Panji is a colonel, very well trained, there they teach discipline.

How can he advocate bloodshed…we know he is broke, that is why he is attacking us, we are not responsible for his suffering, the economy is booming, let him just work hard…”

This is the language of George Kunda, the Vice-President of the Republic of Zambia and our country’s Minister of Justice, a man who is also aspiring to be the vice-president of the ruling MMD at the party’s forthcoming national convention.

It is said that a person’s talk shows his faults; it is like a sieve that separates out the rubbish.

The way you think shows your character just as surely as a kiln shows any flaws in the pottery being fired.

It is said that you can tell how well a tree has been cared for by the fruit it bears, and you can tell a person’s feelings by the way he expresses himself.

Never praise anyone before you hear them talk; that is the real test.

And the Bible states explicitly that what a fool lacks is knowledge while a stupid man lacks understanding.

By implication, therefore, what a man who speaks before he thinks suffers from is stupidity.

There is no reason anybody can offer to justify the use of foul language on another person.

This type of language that George is fond of using can degenerate into a conflict of monumental dimension, if not properly handled.

Wrong choice of words against others has resulted in many conflicts.

Intolerance seems to dominate our politics.

And this is due largely to greediness, hatefulness, self-centeredness and corruption on the part of our politicians, of politicians like George.

If a leader possesses sublime qualities of love, incorruptibility, peace and altruism, it will definitely reflect in what he says and does – he will not be brash, pushy and easily irritated.

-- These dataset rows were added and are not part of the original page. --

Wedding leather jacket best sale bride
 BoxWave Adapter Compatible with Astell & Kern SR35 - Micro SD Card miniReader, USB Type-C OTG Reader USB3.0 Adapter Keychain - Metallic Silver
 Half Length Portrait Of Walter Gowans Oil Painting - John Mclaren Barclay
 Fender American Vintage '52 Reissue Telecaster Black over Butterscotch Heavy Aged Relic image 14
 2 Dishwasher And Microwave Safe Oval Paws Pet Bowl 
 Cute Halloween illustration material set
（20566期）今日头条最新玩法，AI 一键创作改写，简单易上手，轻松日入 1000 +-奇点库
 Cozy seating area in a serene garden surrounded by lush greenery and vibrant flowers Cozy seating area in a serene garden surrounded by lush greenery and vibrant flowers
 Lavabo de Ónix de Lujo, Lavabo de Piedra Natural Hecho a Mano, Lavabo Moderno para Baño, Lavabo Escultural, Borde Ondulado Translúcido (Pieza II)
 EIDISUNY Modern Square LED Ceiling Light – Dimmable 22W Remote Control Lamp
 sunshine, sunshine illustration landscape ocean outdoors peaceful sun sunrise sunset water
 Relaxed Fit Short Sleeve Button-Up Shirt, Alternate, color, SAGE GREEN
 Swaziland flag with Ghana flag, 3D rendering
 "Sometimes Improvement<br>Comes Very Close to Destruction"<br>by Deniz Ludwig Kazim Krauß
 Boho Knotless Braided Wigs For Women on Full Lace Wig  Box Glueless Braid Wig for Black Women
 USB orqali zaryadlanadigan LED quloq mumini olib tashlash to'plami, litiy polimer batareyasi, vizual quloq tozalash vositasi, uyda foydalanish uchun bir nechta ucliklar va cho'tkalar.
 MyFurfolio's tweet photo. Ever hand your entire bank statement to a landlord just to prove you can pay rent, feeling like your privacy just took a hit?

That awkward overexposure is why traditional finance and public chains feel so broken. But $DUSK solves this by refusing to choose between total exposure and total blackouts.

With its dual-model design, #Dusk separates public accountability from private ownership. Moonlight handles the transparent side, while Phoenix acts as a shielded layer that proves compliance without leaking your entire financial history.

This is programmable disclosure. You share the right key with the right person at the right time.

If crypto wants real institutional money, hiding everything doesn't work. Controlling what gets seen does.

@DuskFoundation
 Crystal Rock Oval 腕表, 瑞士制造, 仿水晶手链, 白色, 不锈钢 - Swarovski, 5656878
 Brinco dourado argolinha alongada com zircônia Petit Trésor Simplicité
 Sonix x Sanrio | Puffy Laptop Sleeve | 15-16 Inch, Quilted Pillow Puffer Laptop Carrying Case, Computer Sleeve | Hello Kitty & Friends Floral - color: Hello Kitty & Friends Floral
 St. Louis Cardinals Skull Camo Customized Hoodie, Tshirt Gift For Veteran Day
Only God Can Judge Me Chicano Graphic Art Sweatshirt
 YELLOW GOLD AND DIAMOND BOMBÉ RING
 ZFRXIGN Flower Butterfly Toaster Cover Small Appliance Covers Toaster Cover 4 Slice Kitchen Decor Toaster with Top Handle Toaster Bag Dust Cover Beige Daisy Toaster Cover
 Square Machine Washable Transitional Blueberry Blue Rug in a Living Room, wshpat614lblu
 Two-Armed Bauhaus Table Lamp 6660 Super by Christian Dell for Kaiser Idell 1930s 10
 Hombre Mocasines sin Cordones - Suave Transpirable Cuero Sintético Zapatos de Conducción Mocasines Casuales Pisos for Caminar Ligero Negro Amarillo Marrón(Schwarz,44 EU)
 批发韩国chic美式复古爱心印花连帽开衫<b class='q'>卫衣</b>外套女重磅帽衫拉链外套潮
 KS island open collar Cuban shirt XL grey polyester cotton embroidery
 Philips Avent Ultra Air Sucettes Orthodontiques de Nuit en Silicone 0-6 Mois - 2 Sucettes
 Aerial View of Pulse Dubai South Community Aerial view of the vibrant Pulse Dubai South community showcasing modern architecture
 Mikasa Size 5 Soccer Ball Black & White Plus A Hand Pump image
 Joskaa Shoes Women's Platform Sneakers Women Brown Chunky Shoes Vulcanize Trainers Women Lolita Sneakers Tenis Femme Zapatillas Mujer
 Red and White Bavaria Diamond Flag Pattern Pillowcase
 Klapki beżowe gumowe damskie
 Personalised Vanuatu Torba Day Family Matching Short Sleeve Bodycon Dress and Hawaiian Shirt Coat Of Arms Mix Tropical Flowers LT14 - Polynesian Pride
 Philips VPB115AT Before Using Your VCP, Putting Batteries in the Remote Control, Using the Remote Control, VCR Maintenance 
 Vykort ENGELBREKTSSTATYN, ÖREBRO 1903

It takes a humble heart to show tolerance in the face of utter provocation.

This is why those who show restraint in their politicking endure in leadership.

One truth nobody can dispute is that to be a leader carries with it enormous responsibilities.

It is said that to be a leader requires one to see oneself beyond the microcosmic imperatives of one’s position and environment and look at the bigger picture confronting one in the task of offering selfless leadership to the electorate.

Again, it is also said that whoever wants to make a success of his leadership position must learn to be a father-figure.

This eliminates the temptation of parochialism, meanness, voluptuousness that characterises the lives of despots and tin-gods.

It is said that the essence of human communication, generally, is to interact with one another in a most refined, culturally-permissible manner for the advancement of the cause of society.

But it becomes perilous and destructive when such communication assumes a contemptuous, derogatory, defamatory and pejorative dimension.

George’s choice of language is, to say the least, immature, arrogant and self-effacing. All that matters to George when he speaks is his own interests.

It is said that an articulate, urbane and ingenious politician is one that thinks before he speaks.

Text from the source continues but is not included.